◆ Input ◆
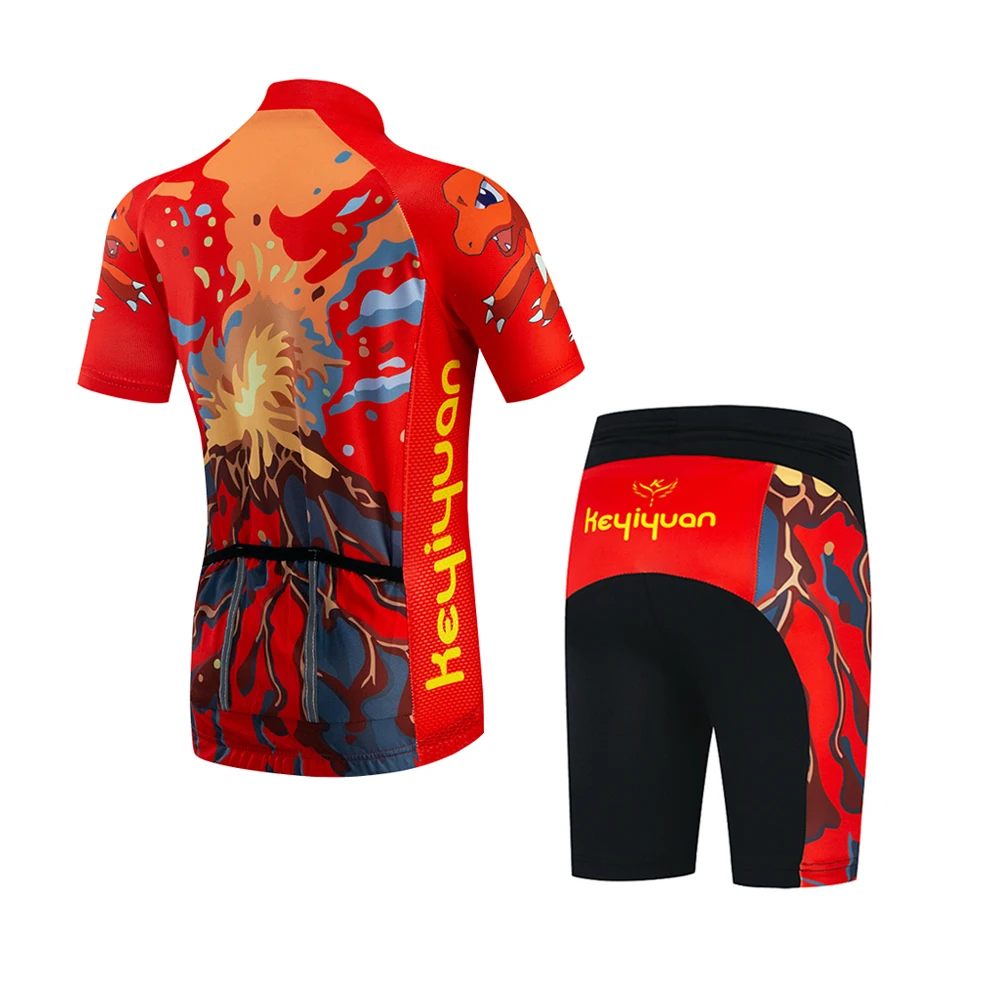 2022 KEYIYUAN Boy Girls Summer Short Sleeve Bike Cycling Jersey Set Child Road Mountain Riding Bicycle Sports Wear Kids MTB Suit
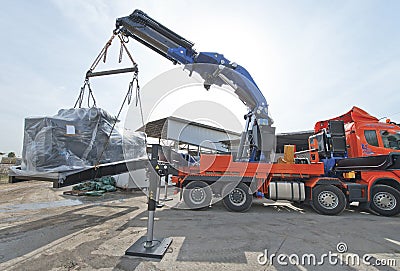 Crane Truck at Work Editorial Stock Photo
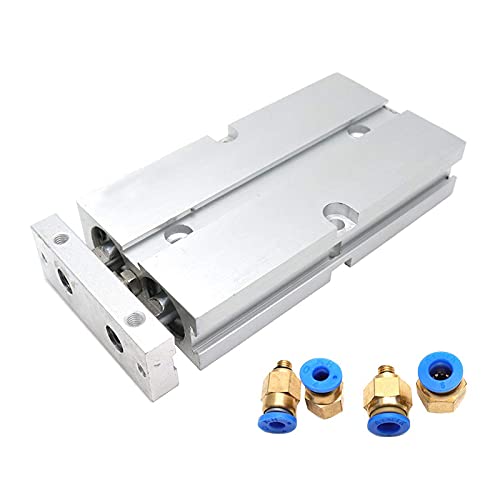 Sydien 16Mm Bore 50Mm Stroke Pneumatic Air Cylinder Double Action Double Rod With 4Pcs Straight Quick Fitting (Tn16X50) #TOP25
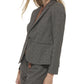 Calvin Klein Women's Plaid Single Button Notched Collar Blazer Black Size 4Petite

==

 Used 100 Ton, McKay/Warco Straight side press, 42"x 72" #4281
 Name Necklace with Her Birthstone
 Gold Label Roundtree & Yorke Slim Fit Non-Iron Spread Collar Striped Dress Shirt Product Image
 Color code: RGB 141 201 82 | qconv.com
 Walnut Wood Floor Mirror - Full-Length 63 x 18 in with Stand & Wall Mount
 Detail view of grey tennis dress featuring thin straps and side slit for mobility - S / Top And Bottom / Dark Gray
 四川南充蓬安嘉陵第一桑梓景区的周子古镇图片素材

---

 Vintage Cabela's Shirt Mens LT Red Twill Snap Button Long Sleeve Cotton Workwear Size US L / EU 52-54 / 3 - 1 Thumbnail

◆ Task to carry out ◆
Set down exactly the lines above, from the line containing "2022 KEYIYUAN Boy" through the line containing "Calvin Klein Women's". Skip the pictures.

◆ Solution to this task ◆
 2022 KEYIYUAN Boy Girls Summer Short Sleeve Bike Cycling Jersey Set Child Road Mountain Riding Bicycle Sports Wear Kids MTB Suit
 Crane Truck at Work Editorial Stock Photo
 Sydien 16Mm Bore 50Mm Stroke Pneumatic Air Cylinder Double Action Double Rod With 4Pcs Straight Quick Fitting (Tn16X50) #TOP25
 Calvin Klein Women's Plaid Single Button Notched Collar Blazer Black Size 4Petite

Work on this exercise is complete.